Taksim Gezi Parkı’nda başlayan ve dalga dalga tüm ülkeye
yayılan protestolar ve yeni kuşağın özelliklerini anlamak için her gün onlarca
uzman televizyonlarda boy gösterip derin sosyolojik analizler yapıp duruyorlar.
”Oysa en karmaşık sorunların dahi temeli oldukça basittir” önermesinden yola çıkarak, 1990’lı yılların başında dünyaya gelen biri geçen yıl üniversiteyi bitiren, diğeri de halen eğitimine devam eden iki gencin babası olarak, birkaç değerlendirme yapmak istiyorum.
12 Eylül darbesinin silindir gibi geçtiği kuşağın yetiştirdiği çocuklar bunlar.
Onları öğretmenleriyle birlikte farklı yetiştirdik.
Bizim kuşağa kadar hoyratça kullanılan doğa bilincini aşılamaya çalıştık. İlk öğrettiğimiz şarkılar da hep doğa üzerine oldu.
Tohumlar
fidana/Fidanlar ağaca/Ağaçlar ormana/Dönmeli yurdumda/Yuvadır kuşlara/Örtüdür
toprağa /Can verir doğaya/Ormanlar yurdumda/Bir tek dal kırmadan/Ormansız
kalmadan/Her insan bir fidan/Dikmeli yurdumda.
Şarkısıyla büyüttüğümüz yeni nesil, en küçük bir çöpü bile
dışarıya atmamıza aşırı tepki gösterdiler.
Onlardan beklentilerimizin çok çok üzerinde, belki aktif olarak çevre eylemlerine katılmasalar bile birer çevre gönüllüsü olup çıktılar.
Bir ağacın kesilmesi bir yana bir dalının koparılmasına bile içleri yandı.
Sonra bunu çok iyi kullandıkları sosyal medya üzerine taşımaya başladılar.
Doğa sevgisi ağaçlarla da sınırlı değildi.
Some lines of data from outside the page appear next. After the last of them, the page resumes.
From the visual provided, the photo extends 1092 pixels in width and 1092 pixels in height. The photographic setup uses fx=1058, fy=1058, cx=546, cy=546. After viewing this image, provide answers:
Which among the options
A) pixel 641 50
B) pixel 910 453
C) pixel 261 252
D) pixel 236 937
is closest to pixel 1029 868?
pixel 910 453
Doğanın tüm güzelliklerini seviyorlardı.
Sosyal medyada kedi videolarının bu kadar yaygın hale gelmesini de onlar sağladılar. Kutup ayıları için yürütülen kampanyalara bile katıldılar, Hasankeyf için hayranı oldukları Tarkan ile birlikte üzüldüler.
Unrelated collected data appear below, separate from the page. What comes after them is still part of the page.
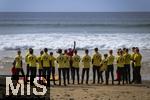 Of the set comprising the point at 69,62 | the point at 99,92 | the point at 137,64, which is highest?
the point at 69,62

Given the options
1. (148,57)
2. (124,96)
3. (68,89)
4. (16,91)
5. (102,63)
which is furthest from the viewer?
(148,57)

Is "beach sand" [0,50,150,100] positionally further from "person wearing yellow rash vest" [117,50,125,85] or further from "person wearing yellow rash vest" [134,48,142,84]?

Onların doğdukları yıllarda bizler, Körfez Savaşı’nda petrole bulanmış karabataklar yerine Orta Doğu haritalarını tartışırken, onlar bugün hem Büyük Orta Doğu Projesi’ne eleştiriler getirirken, aynı zamanda çevre felaketlerine de karşı durdular.
Hep doğayla buluşma özlemi içindeki gençlerin, betonlaşmış şehirlerdeki bir avuç yeşili koruma ve sahiplenme duygunu analiz etmemize gerek yok. Çünkü doğayı koruma artık onların temel içgüdüsü. En önemlisi de kendine güvenle birlikte oluşan özgürlük duyguları.
O yüzden hepsi birden koştu gezi parkına, tüm siyasi yelpazeden, ayrı renklere gönül vermiş takım taraftarlarına kadar.
Çünkü onları çağıran temel içgüdüleriydi.